Amor ao próximo

05 de Setiembre de 2018

[Por: José Neivaldo de Souza]




Tenho percebido, não só no âmbito familiar, mas no trabalho e em nossa sociedade, como é complicado viver a máxima cristã do “amor ao próximo”. Aliás, há muitas teologias sobre isso; sermões então, nem se fala. Falar é sempre mais fácil. Há um abismo entre dizer e viver. Falo isso, sem pensar, como o filósofo Jean-Paul Sartre, que o inferno são os outros. Parto das próprias dificuldades e limitações. Constato, muitas vezes, que minha atitude em relação ao outro é de indiferença; eu ignoro o fato de que é neste retorno, vindo do outro, que experimento a reciprocidade. A indiferença ao outro redunda em indiferença do outro em relação a mim. Pior que ser ignorado é ignorar, pois o ensinamento de Jesus, ao interpretar o segundo e maior mandamento da Lei de Deus é:  ame, abençoe, não revide com violência, não seja indiferente com os necessitados (Lc 6,27-30).  

 

A reciprocidade, na perspectiva cristã, não é a mesma do senso comum. Não a vejo como muitos dizem: “aqui se faz, aqui se paga!”. Muitas vezes pessoas más são recompensadas, até o final de suas vidas, e pessoas boas são levadas de forma brutal. A reciprocidade não é condicional, isto é, eu só faço o bem “se” receber o bem. Ela é incondicional e importante para a convivência social. 

 

Na lei da reciprocidade comum “gentileza gera gentileza”, mas o fato de ser gentil com os outros não me dá o direito de exigir que sejam gentis comigo.
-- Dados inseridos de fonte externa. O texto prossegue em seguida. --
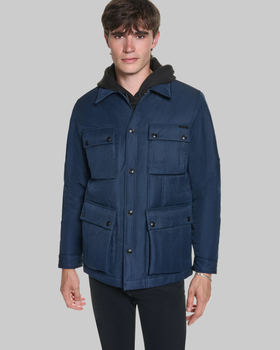 A man wearing a navy Karl Lagerfeld Paris four-pocket field jacket with black trousers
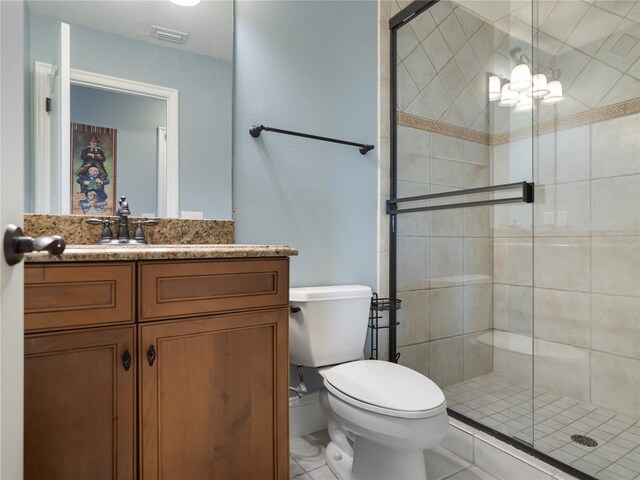 12860 Jacob Grace Ct, Windermere, FL 34786 - full bath featuring a stall shower, toilet, vanity, and tile patterned floors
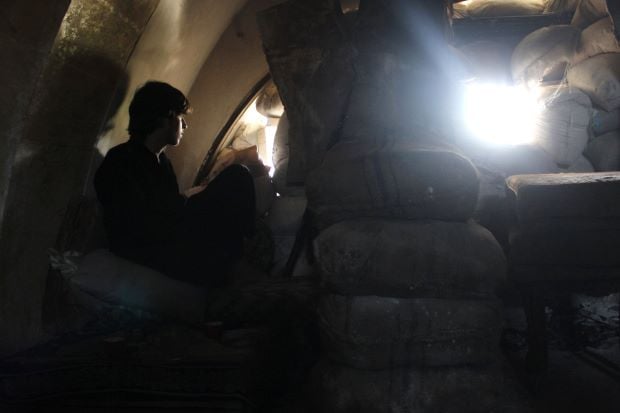 a free syrian army fighter takes cover inside a house in the bab al nasr neighborhood of aleppo august 14 2013 reuters melhem barakat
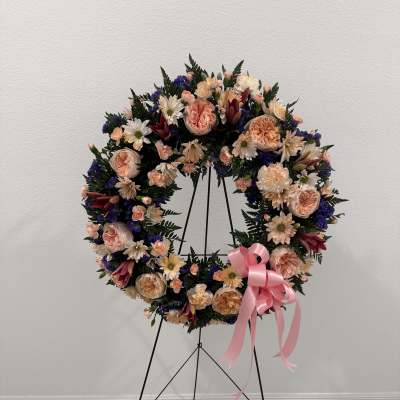 Large floral wreath on a black stand with a pink ribbon bow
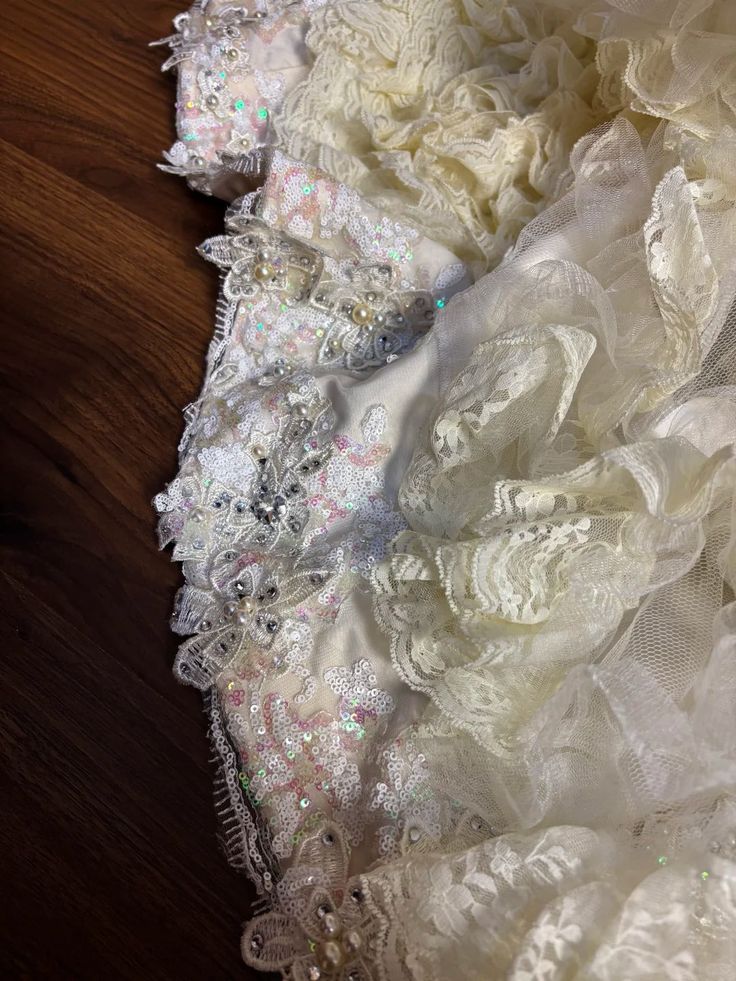 Vintage-Inspired Ivory Lace Ball Gown with Ruffled Details & Satin Bow Accents DP7008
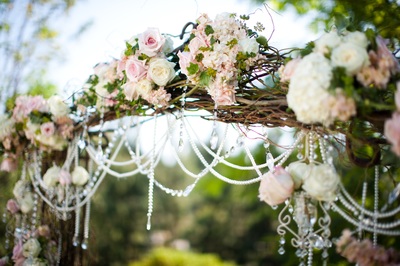 rustic willow wedding ceremony arch with roses and beads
Vivo isso porque esta atitude é saudável a uma sociedade que cultiva o espírito de amor incondicional. Esta perfeição, como observa o teólogo italiano Carmine di Sante, não diz respeito à uma autorrealização do “Eu” que se reporta à própria satisfação, mas em se colocar para o outro, “acolhendo-o em sua estranheza e em sua inimizade”1. Se as pessoas são gentis comigo, que bom, se não, devo me contentar com o fato de exercer o dever de todo cristão. Aliás, Jesus, apesar de tanto amor, foi abandonado e desprezado, sem exigir da fórmula: “amor com amor se paga”. Disse ele: “Amem os seus inimigos, façam o bem aos que os odeiam” (Lc 6,27). 

 

Ouvir as pessoas é um gesto de amor e “amar alguém não é apenas um sentimento forte”, como escreveu Erich Fromm, “é uma decisão, um julgamento, uma promessa”.2 Decidir por escutar o outro é um gesto de amor e talvez seja o maior desafio a ser enfrentado, por conta de nossa história. Durante séculos temos a ideia de que a salvação nos pertence. Se alguém não crê já está condenado. Cultivamos uma doutrina excludente segundo a qual só na igreja de Jesus Cristo, pela fé em suas promessas e no seguimento de sua Palavra, há salvação.  Revelamos e estabelecemos que o nosso inimigo está fora da igreja. Este pensamento se estende entre nós e nos torna donos da salvação. O estranho não tem voz; ele deve ouvir. Cada um quer saber mais que o outro e tenta evangelizá-lo, mostrar o quanto sua boa nova, na religião, na política e no futebol, é a verdadeira. 

 

Este comportamento que nos dificulta a ouvir as pessoas. Quantas vezes me peguei surdo a alguém que tentou falar de suas dificuldades? Este hábito nos vem da doutrinação cristã e não do próprio Cristo. É uma atitude que, invés de ajudar na convivência humana, pelo contrário, atrapalha. Nelson Rodrigues confessou que o medo do outro tinha origem na convivência humana. Por outro lado, sabemos que é nesta convivência com o estranho, fora de nós, que percebemos quem de fato somos e que não há bem-estar em nossa vida que não seja pela experiência e aperfeiçoamento na relação com os outros.  

 

Que esta percepção sobre a dificuldade de amar ao próximo possa ser refletida à luz do mandamento cristão. Diferente do humanismo de Sartre, Mario Quintana, se aproxima do humanismo de Jesus ao escrever: 

 

“Na convivência, o tempo não importa.
Se for um minuto, uma hora, uma vida.
O que importa é o que ficou deste minuto,
desta hora, desta vida...
Lembra que o que importa
é tudo que semeares colherás.
Por isso, marca a tua passagem,
deixa algo de ti,...
do teu minuto,
da tua hora,
do teu dia,
da tua vida”.

 

Citas

 

 DI SANTE, Carmine. Responsabilidade: 0 eu-para-o outro. São Paulo: Paulinas, 2005, p. 25-26. 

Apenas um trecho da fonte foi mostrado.